How to Teach Meal PlanningJan 09, 2021
Our next topic in the Consumer Math Blog Series is about how to teach Meal Prep. Read more about why and how you can teach Meal Prep using my Meal Prep Lesson Unit (click here to get your copy).
Purpose of Teaching Meal Prep
While this seems more like a Family and Consumer Science topic, meal prepping has a lot to do with consumer math. Since it pairs so well with both Budgeting, Food Budgets, and Comparison shopping, it's a great topic to include in your curriculum.
*I use the terms Meal Planning and Meal Prepping interchangeably throughout the lesson.
To prep is to plan! Prepping includes deciding what meals you are going to need to eat, where you are going to eat, what you are going to eat, and then the ingredients you need to make those meals (and this includes the all important quantity variable!).
Win-Win! Cooking a meal at home is a true win-win as the meal is usually healthier and cheaper to make than to consume at a restaurant. What isn’t there to love about making healthier choices and spending less money?!?
Identify three positive results of meal prepping.
Lesson Unit Break Down
Day 1- As you could guess, use the visual flow chart to introduce the topic and how it relates to the other topics you’ve learned about in class. Throw out the brain teaser to get the mind working, and then move to the reading passage. See my suggestion below (Reading Passage Option) for how to use the reading passage in a new/different way, then check for understanding using the T/F questions and the writing prompt.
Day 2- You can delve into the Notes on Day 1 or you can cover them in Day 2, it’s up to you and your time schedule. I prefer to save them for Day 2 because I feel that they compliment the Parts worksheet so nicely as the content moves from general ideas to more specific information and examples.
Day 3- Day 3 offers a level of student choice as the practice for the day includes a Choice Board. Students will choose 1 from each column to answer on a separate sheet of paper. Topics move from basic to more critical thinking (top to bottom) and cover a range of meal prep/meal planning areas (right to left).

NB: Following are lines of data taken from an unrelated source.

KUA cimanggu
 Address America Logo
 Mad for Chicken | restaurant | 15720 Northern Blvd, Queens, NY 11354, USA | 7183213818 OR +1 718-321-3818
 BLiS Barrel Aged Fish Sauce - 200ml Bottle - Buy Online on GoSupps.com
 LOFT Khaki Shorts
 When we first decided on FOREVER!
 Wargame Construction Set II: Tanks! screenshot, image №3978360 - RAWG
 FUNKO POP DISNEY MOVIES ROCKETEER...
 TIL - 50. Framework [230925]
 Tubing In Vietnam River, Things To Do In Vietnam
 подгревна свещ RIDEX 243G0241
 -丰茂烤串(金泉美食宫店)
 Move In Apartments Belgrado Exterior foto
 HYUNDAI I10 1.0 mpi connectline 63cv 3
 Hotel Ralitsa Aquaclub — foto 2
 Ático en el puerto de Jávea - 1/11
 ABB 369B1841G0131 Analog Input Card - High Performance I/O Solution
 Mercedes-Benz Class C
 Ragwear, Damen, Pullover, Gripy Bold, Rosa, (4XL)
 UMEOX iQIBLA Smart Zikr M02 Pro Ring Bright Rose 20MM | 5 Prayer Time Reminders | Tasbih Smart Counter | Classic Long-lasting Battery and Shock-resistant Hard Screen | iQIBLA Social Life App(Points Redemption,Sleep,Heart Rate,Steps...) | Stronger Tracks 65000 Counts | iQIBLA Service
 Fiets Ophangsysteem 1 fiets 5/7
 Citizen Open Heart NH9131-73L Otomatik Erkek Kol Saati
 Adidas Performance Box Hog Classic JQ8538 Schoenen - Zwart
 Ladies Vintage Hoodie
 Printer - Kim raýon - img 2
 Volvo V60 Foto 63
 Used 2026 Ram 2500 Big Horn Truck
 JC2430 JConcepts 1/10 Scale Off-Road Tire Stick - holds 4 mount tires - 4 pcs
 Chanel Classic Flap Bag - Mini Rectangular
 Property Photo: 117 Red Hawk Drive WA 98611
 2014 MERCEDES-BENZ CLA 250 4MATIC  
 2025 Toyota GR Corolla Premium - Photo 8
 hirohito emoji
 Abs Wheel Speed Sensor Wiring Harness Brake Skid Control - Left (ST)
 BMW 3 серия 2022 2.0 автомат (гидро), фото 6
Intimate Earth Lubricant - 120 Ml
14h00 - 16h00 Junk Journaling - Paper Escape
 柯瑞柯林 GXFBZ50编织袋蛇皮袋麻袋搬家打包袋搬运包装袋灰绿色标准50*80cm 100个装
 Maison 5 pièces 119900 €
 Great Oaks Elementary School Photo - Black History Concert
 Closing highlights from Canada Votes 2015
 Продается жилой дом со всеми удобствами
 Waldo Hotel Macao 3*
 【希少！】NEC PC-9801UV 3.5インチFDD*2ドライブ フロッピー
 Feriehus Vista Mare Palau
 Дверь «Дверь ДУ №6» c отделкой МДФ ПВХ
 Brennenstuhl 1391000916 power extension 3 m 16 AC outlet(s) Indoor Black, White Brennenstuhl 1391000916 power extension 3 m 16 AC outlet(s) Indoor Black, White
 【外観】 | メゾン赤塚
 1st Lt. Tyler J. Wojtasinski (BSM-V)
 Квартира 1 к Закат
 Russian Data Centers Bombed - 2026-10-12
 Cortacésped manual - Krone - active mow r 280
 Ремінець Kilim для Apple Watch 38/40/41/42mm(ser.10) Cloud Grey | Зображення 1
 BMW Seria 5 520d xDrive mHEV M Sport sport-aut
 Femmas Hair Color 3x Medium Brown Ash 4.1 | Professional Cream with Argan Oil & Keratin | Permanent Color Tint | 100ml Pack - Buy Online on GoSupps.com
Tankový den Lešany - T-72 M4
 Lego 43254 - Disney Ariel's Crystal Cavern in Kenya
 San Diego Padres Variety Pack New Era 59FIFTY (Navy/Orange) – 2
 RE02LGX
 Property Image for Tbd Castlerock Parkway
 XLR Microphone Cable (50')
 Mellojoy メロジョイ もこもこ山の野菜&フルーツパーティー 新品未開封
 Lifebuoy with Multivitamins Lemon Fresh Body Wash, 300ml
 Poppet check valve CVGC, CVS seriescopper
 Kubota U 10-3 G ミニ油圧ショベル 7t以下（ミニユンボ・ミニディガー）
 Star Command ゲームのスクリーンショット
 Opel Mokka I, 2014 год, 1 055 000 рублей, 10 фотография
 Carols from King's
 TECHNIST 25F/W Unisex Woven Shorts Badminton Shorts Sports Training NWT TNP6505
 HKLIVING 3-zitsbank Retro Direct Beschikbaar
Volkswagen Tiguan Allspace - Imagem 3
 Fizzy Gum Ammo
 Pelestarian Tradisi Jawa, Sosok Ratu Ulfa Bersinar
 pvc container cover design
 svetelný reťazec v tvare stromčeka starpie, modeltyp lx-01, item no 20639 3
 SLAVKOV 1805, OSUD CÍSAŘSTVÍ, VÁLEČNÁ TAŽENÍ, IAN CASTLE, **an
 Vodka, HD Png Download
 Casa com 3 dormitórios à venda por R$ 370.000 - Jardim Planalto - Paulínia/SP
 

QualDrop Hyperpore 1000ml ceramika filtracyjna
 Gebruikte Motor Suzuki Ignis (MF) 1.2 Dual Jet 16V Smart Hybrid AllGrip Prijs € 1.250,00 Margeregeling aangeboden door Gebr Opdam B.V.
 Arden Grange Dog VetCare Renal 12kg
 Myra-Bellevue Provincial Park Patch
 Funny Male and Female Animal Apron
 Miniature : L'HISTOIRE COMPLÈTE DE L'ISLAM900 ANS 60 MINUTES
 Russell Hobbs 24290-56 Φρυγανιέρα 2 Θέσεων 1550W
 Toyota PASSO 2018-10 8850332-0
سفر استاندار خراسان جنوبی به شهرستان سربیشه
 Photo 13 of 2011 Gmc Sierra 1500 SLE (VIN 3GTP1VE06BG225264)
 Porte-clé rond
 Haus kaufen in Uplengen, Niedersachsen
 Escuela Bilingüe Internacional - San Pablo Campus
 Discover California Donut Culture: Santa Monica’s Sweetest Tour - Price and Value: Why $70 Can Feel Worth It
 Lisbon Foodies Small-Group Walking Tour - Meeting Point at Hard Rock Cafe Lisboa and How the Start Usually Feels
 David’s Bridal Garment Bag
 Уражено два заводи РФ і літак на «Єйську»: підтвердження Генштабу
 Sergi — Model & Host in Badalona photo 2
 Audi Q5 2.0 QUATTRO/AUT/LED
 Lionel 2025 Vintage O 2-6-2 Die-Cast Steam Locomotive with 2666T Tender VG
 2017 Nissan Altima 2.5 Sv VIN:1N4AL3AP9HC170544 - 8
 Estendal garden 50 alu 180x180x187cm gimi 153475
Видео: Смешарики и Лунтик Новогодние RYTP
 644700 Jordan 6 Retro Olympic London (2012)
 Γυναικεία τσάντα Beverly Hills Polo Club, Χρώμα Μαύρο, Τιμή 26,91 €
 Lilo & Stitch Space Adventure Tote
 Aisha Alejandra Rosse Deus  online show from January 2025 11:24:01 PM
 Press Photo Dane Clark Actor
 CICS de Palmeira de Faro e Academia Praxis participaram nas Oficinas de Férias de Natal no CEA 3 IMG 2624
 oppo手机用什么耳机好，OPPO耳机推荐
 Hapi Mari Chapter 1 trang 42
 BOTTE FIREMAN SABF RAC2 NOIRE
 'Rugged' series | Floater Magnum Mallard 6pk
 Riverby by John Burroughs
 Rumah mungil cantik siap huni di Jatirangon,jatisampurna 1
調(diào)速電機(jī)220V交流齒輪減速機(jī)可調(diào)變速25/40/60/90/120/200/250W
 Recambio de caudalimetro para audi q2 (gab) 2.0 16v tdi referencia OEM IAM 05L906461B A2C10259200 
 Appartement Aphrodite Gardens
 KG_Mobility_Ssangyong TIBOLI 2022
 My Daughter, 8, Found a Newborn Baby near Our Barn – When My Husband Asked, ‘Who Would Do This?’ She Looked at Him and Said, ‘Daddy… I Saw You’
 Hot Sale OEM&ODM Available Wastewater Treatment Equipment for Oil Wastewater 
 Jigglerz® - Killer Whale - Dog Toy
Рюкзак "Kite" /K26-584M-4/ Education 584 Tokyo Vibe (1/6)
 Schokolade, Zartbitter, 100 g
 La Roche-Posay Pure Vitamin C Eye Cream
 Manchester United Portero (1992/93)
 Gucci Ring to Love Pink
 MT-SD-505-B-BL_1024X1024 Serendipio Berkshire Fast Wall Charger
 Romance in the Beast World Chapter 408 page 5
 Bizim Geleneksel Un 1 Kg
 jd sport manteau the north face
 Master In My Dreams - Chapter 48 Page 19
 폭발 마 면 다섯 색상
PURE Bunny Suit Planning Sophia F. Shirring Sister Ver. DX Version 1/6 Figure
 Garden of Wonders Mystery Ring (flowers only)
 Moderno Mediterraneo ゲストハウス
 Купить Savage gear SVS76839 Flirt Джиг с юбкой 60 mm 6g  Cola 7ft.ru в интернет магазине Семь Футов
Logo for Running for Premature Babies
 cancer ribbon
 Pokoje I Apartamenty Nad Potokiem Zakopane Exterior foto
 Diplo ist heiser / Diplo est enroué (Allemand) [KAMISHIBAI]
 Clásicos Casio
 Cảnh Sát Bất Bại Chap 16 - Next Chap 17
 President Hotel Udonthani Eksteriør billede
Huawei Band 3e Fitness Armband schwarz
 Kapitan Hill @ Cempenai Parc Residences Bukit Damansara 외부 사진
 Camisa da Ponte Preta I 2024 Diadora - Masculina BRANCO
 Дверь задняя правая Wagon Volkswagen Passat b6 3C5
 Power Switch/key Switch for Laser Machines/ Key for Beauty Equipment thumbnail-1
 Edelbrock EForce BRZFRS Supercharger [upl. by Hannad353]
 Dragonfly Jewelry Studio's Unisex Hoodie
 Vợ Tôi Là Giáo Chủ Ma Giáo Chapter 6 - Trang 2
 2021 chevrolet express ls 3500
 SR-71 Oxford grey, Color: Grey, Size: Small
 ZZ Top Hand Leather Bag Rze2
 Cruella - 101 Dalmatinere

Day 4- The lesson ends today with a review using the task cards (see my idea below) and the assessment. As always, end with the word search (which is great for keeping the class quiet as others finish the assessment) and the functional math review (because you can never have too much of this kind of review).
Reading Passage Option
Consider having the students answer the T/F questions before the reading (not graded), then have students review their answers and adjust AFTER the reading. It may be advantageous to give students time to do silent reading before you read it aloud as a class.
Listen and Learn
A Listen & Learn is a short, 5 sentence PowerPoint/Google presentation that introduces the topic using visuals and audio. Ideal for non-readers! Read about what they are and how they might be right for your classroom here.
Task Card Idea
Meal Prep is a great time to use the task card game- Keeping Secrets! Place all cards in a large manilla envelope with 1 dry erase marker, divide up class into small groups (3-4 ideally) and then give each group a packet. Mark the right answer with the dry erase and then put all the cards back in the envelope. The key is to work quietly, so others don’t overhear. After a set amount of time has passed, have the groups return the envelope to you. Check the answers and the team with the most right answers wins!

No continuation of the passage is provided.